• _Problem details_:
In full and without alteration, reproduce every record.

Crawled caption data:

########

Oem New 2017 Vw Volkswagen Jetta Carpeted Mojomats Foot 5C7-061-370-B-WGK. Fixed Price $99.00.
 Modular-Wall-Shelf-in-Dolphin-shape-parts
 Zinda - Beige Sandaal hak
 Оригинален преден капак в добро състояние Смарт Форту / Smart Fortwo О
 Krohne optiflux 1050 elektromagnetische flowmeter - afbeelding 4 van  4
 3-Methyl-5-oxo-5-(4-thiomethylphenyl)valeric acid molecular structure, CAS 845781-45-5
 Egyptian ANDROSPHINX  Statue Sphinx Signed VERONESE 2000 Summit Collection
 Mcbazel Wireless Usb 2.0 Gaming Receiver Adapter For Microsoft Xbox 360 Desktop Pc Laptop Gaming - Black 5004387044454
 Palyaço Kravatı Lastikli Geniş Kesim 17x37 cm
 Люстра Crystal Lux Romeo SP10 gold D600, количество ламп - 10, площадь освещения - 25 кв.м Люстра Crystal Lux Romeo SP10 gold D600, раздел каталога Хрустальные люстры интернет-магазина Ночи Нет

########

• _Reply to the exercise_:
Oem New 2017 Vw Volkswagen Jetta Carpeted Mojomats Foot 5C7-061-370-B-WGK. Fixed Price $99.00.
 Modular-Wall-Shelf-in-Dolphin-shape-parts
 Zinda - Beige Sandaal hak
 Оригинален преден капак в добро състояние Смарт Форту / Smart Fortwo О
 Krohne optiflux 1050 elektromagnetische flowmeter - afbeelding 4 van  4
 3-Methyl-5-oxo-5-(4-thiomethylphenyl)valeric acid molecular structure, CAS 845781-45-5
 Egyptian ANDROSPHINX  Statue Sphinx Signed VERONESE 2000 Summit Collection
 Mcbazel Wireless Usb 2.0 Gaming Receiver Adapter For Microsoft Xbox 360 Desktop Pc Laptop Gaming - Black 5004387044454
 Palyaço Kravatı Lastikli Geniş Kesim 17x37 cm
 Люстра Crystal Lux Romeo SP10 gold D600, количество ламп - 10, площадь освещения - 25 кв.м Люстра Crystal Lux Romeo SP10 gold D600, раздел каталога Хрустальные люстры интернет-магазина Ночи Нет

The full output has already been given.